Authors: Anne Perry
Tags: #Fiction, #General, #detective, #Political, #Mystery & Detective, #Suspense, #Historical, #London (England), #Mystery fiction, #Private investigators, #Historical fiction, #Traditional British, #Legal stories, #Private investigators - England - London, #Monk; William (Fictitious character)
She swallowed, her face white. "It doesn't prove anything!" She was struggling and they both knew it.
"Don't, Hester!" he begged. "Rhys was there, with two of his friends.
Together they answer to descriptions exactly. If Leighton Duff knew, or suspected, and followed Rhys to argue with him, to try to prevent him from doing it again, then there was plenty of motive to kill him.
He may even have found them immediately after they attacked the women that night. Then they would have no defence.”
"It… it could have been Duke, or… Arthur…" Her words trailed away. There was no belief in them, or in her eyes.
"Are they injured?" he asked gently, although he knew the answer from her face.

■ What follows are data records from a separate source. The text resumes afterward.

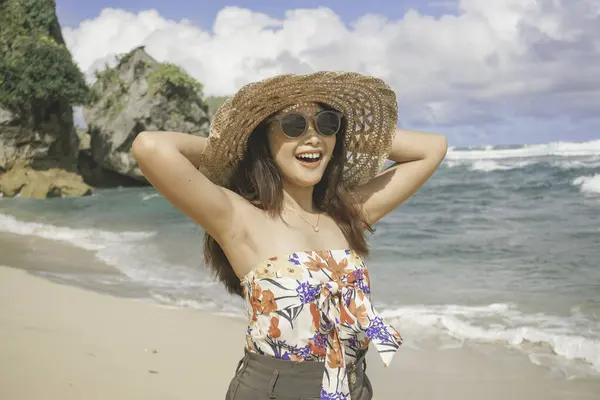 Plaj şapkası takan mutlu bir Asyalı kadın elleri açık kameraya poz veriyor. Gunungkidul, Endonezya sahilinde özgürlüğünü ve tasasız tatilini ifade ediyor.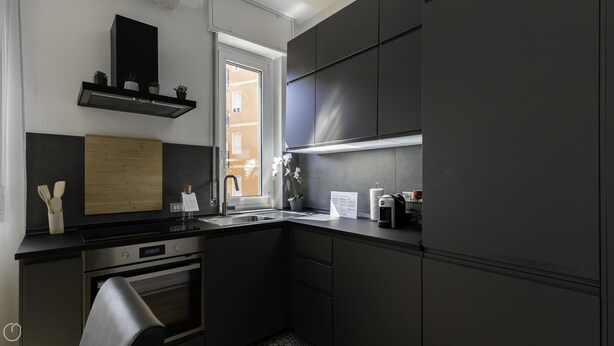 A modern kitchen with dark cabinetry, a stainless steel oven, a wooden board, and a window with a view of buildings. - Italianway Easy - Favretto 13 (Milan)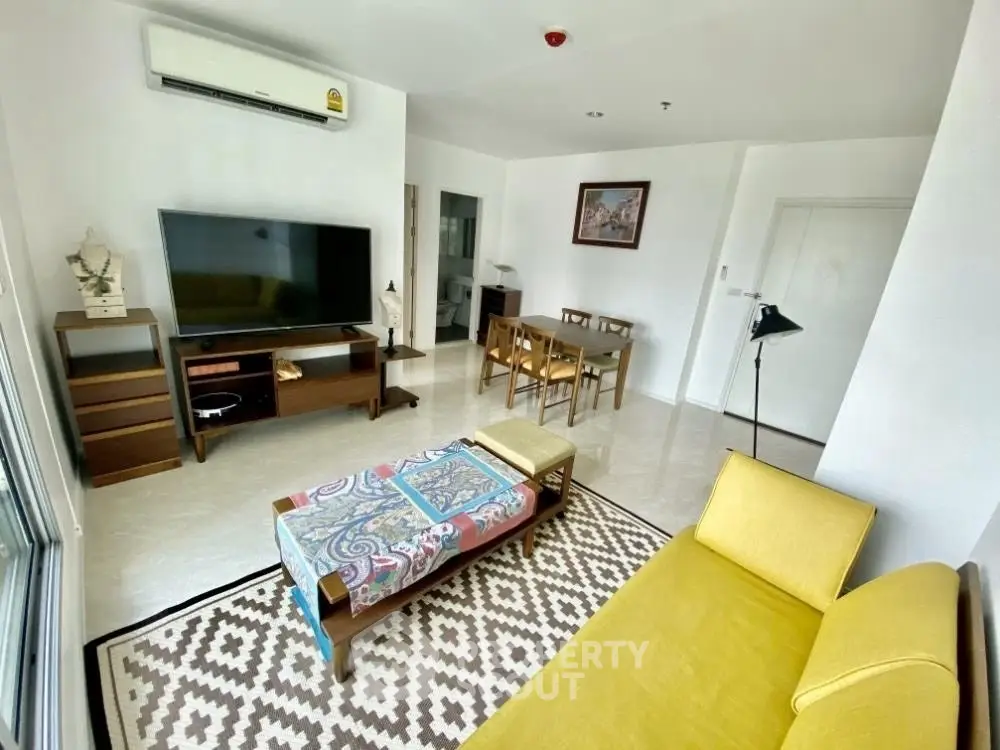 Spacious living room with modern decor and large TV, perfect for relaxation.
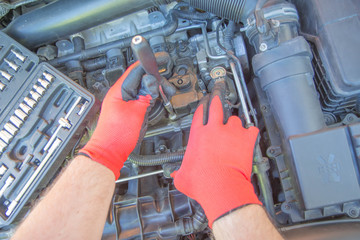 Close up hands of unrecognizable mechanic doing car service and maintenance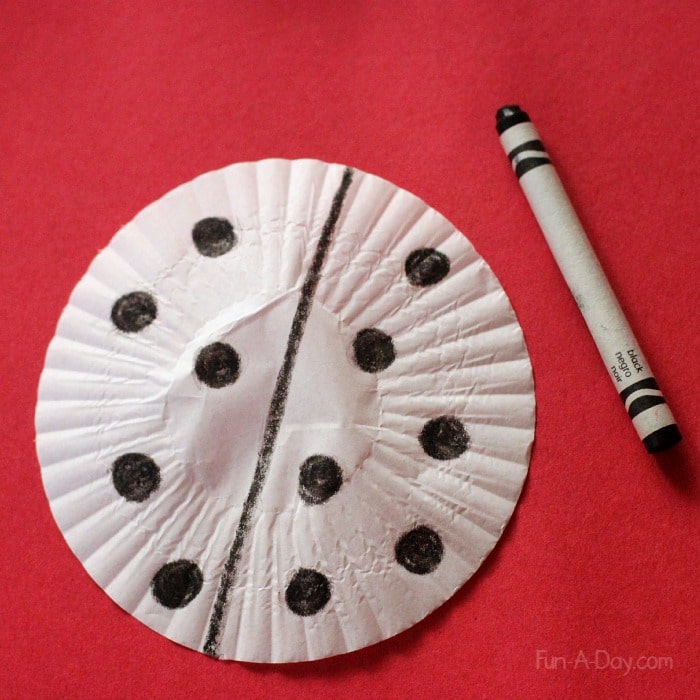 Working on a cupcake liner ladybug craft - lots of fun and learning with something very simple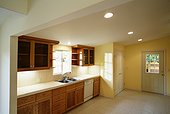 A Newly Renovated Kitchen Lit from Above with Spotlights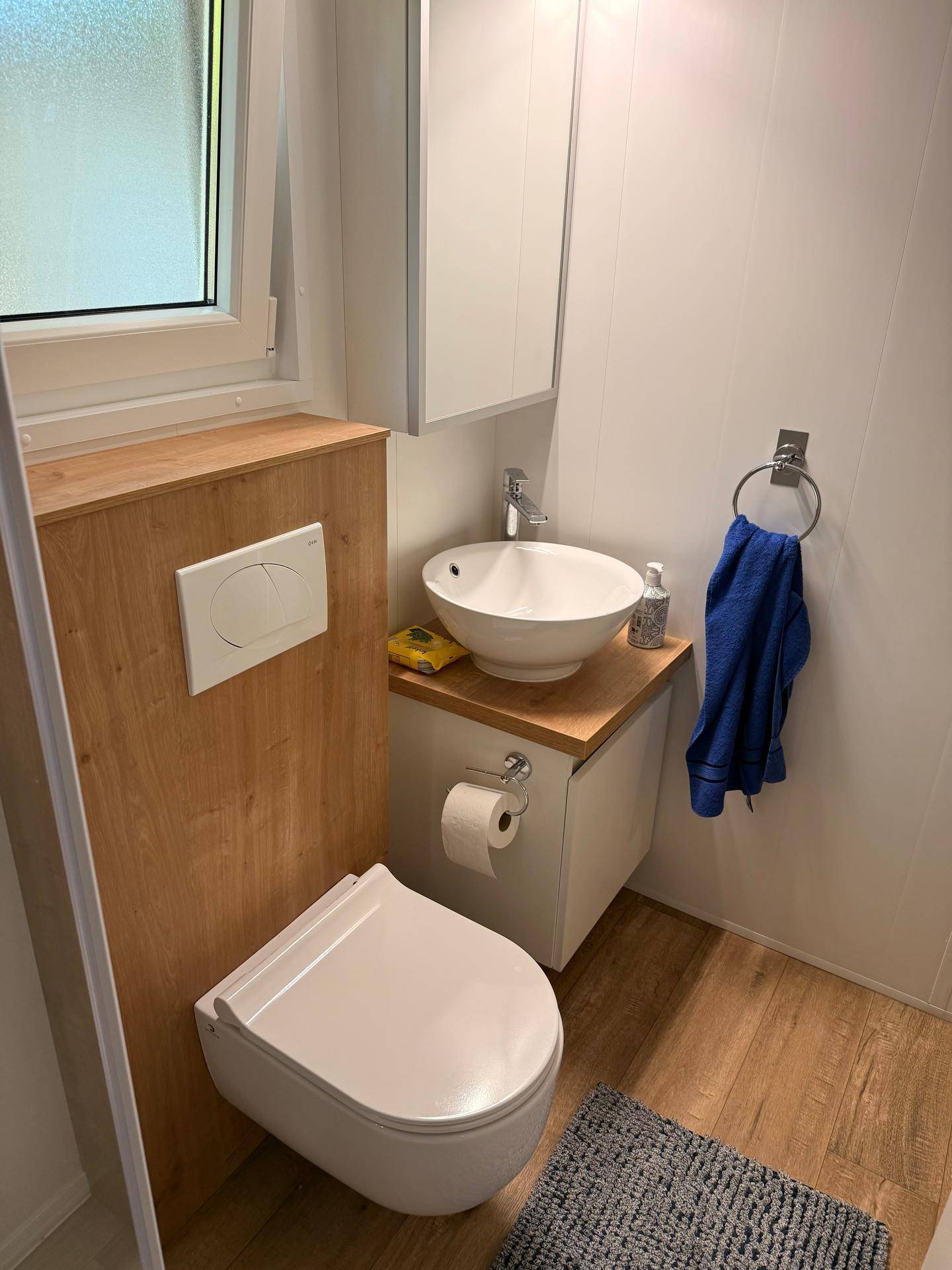 Kleines WC mit wandhängender Toilette, modernem Aufsatzwaschbecken und Fenster für Tageslicht.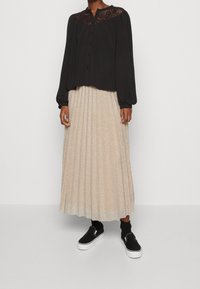 Blusa nera a maniche lunghe con yoke in pizzo, abbinata a una gonna plissettata metallic oro e scarpe sportive nere con suola bianca.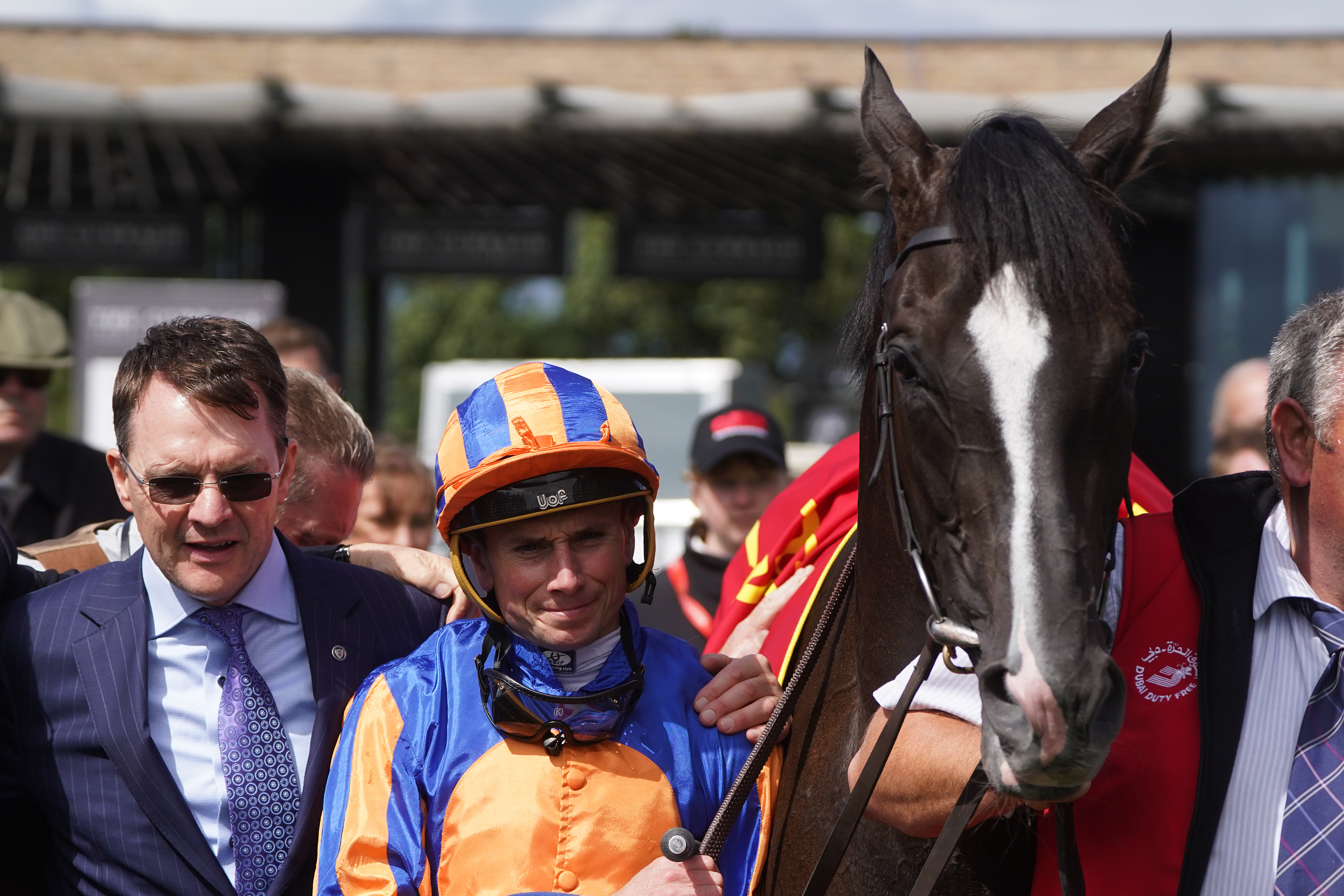 Auguste Rodin with trainer Aidan O’Brien and jockey Ryan Moore after winning the Dubai Duty Free Irish Derby
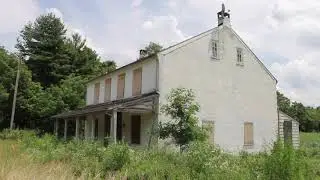 Abandoned Train Station, Houses, And NS Freight  Train.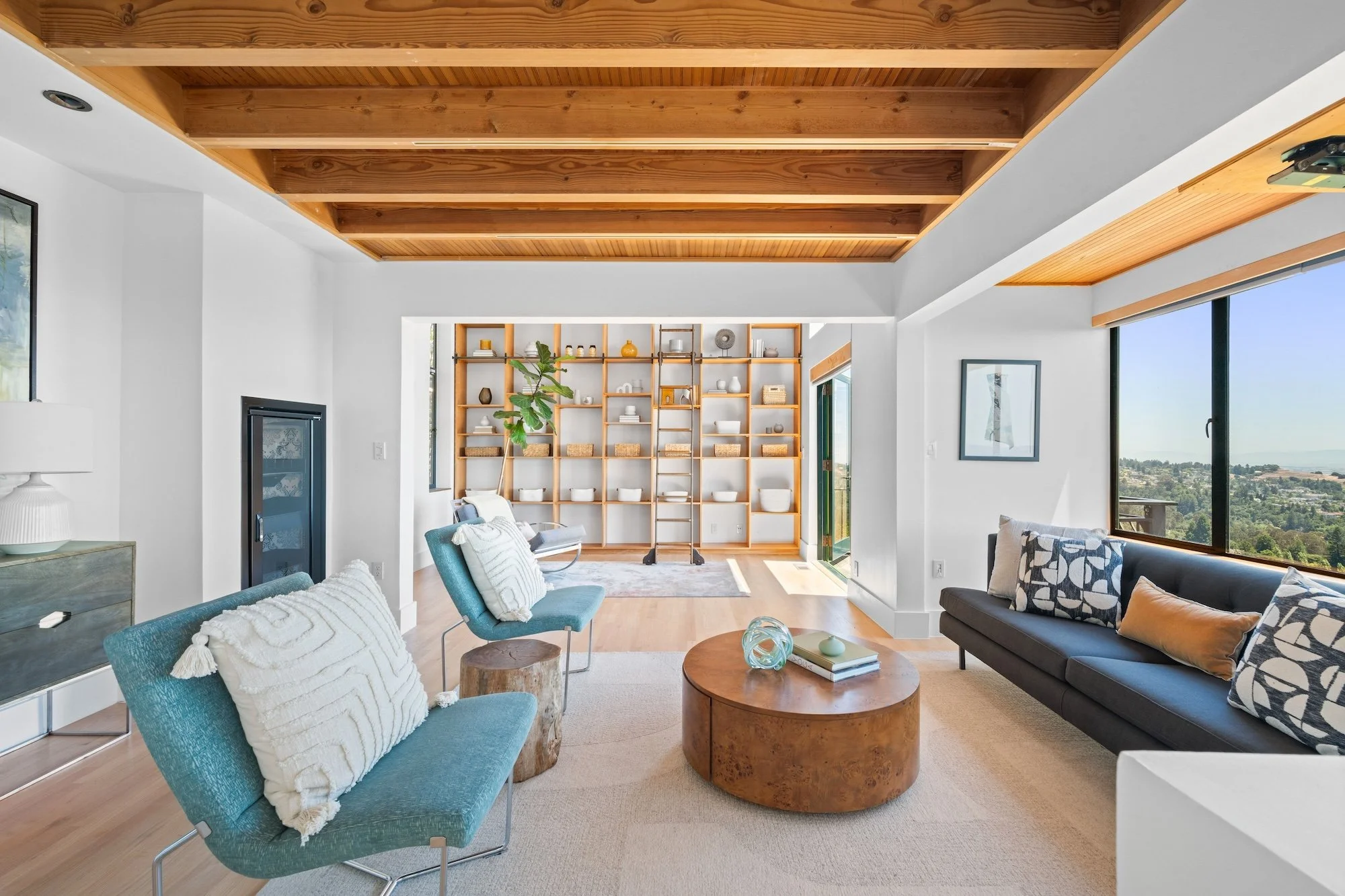 Living room with a high ceiling featuring wooden beams. Contains a blue armchair with a white pillow, a round wooden coffee table with books, a black sofa with patterned pillows, large windows showing a scenic view, a white bookshelf with decorative 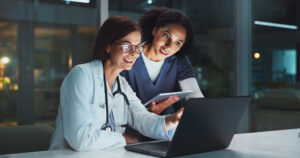 Night, doctor and nurse on laptop for good news or reading online reading schedule in hospital on digital app. Medical results, overtime or happy woman with technology, website info or telehealth.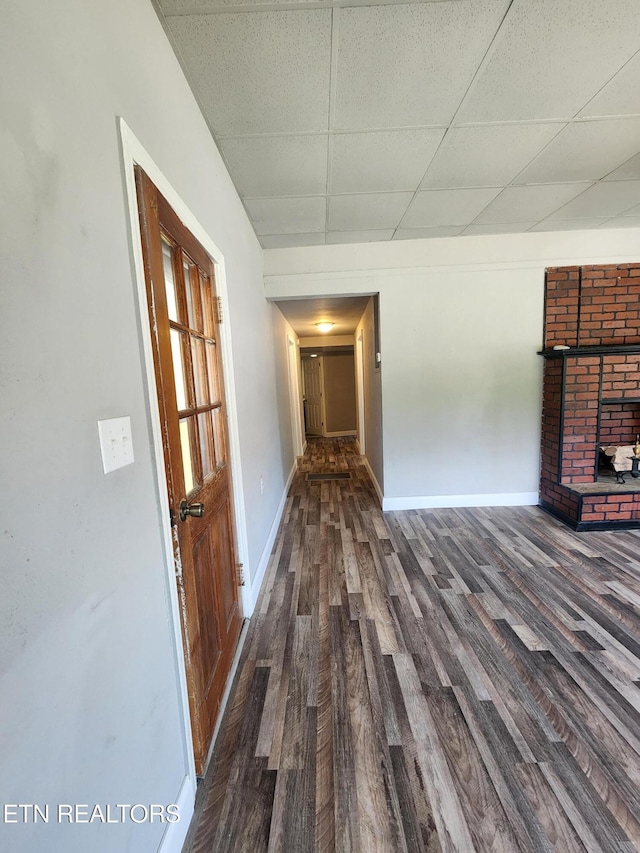 308 E Prospect St, Lafollette, TN 37766 - unfurnished living room with wood finished floors and a paneled ceiling
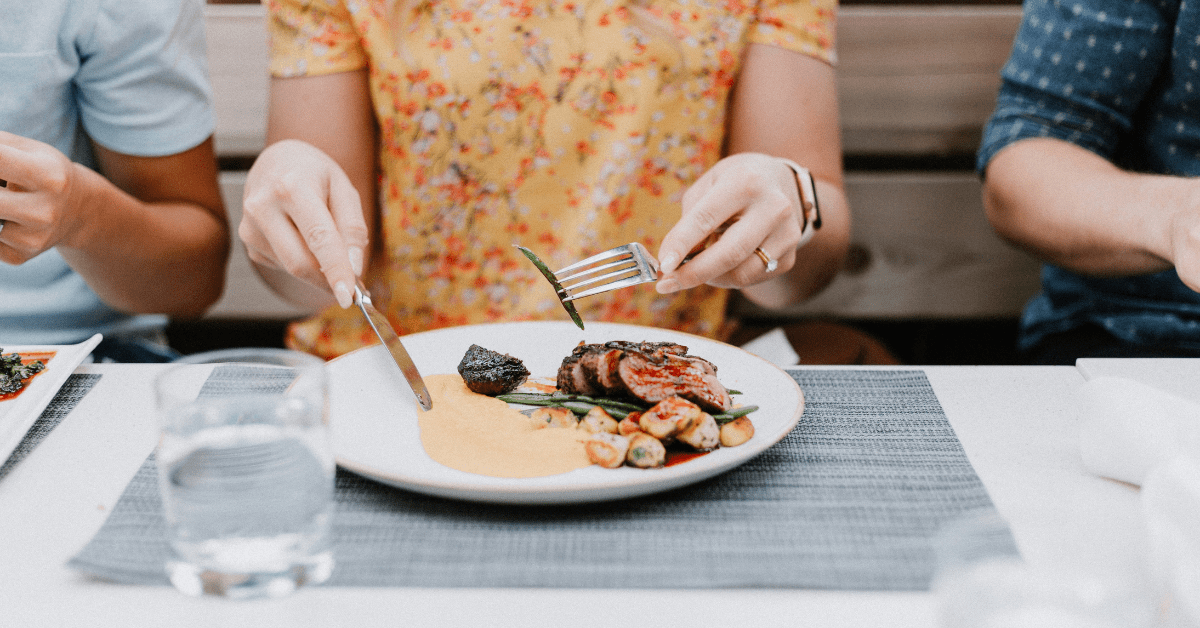 Image of a woman eating a steak dinner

She shook her head minutely. There was nothing to say. She stared at him. The facts closed in like an iron mesh, unbendable, inescapable.
Her mind tried every direction, and he watched her do it, and fail each time. There was no real hope in her, and gradually even the determination died.
"I'm sorry," he said softly. He thought of adding how much he wished it had not been so, how hard he had looked for other answers, but she knew it already. There was no need for such explanations between them.
They understood pain and reality far too well, the dull ache of knowledge that must be faced, the familiarity of pity.
"Have you told Evan yet?" she asked when she had mastered the tension in her voice, or almost.
"No. I shall tell him tomorrow.”
"I see.”
He did not move. He did not know what to say, there was nothing, and yet he wanted to say something. He wanted to remain with her, at least to share the hurt, even though he could not ease it. Sometimes sharing was all there was left.
"Thank you… for telling me first." She smiled a little crookedly.
"I think…”
"Perhaps I-shouldn't have," he said with sudden doubt. "Maybe it would have been easier for you if you had not known? Then your response would have been honest. You would not have had to wait tonight, knowing, when they didn't. I…”
She started to shake her head.
"I thought honesty was best," he went on. "Perhaps it wasn't. I thought I knew that, now I don't.”
"It would have been hard either way," she answered him, meeting his eyes with the same candour as in the past, in their best moments. "If I know, tonight will be hard, and tomorrow. But when Evan does come, then I shall have prepared myself, and I shall have the strength to help, instead of being stunned with my own shock. I shan't be busy trying to deny it, to find arguments or ways to escape. This is best.
Please don't doubt it.”
He hesitated for an instant, wondering if she were being brave, taking the responsibility upon herself to spare his feelings. Then he looked at her again, and knew it was not so. There was a kind of understanding in her which bridged the singleness of this incident and was part of all the triumphs and disasters they had ever shared.
He walked over to her and very gently bent forward and kissed her temple above the brow, then laid his cheek against hers, his breath stirring the loose tendrils of her hair.
Then he turned and walked away without looking back. If he did, he might make an error he could never redeem, and he was not yet ready for that.
Evan knew that Monk had crossed into St. Giles, although of course they were on different cases.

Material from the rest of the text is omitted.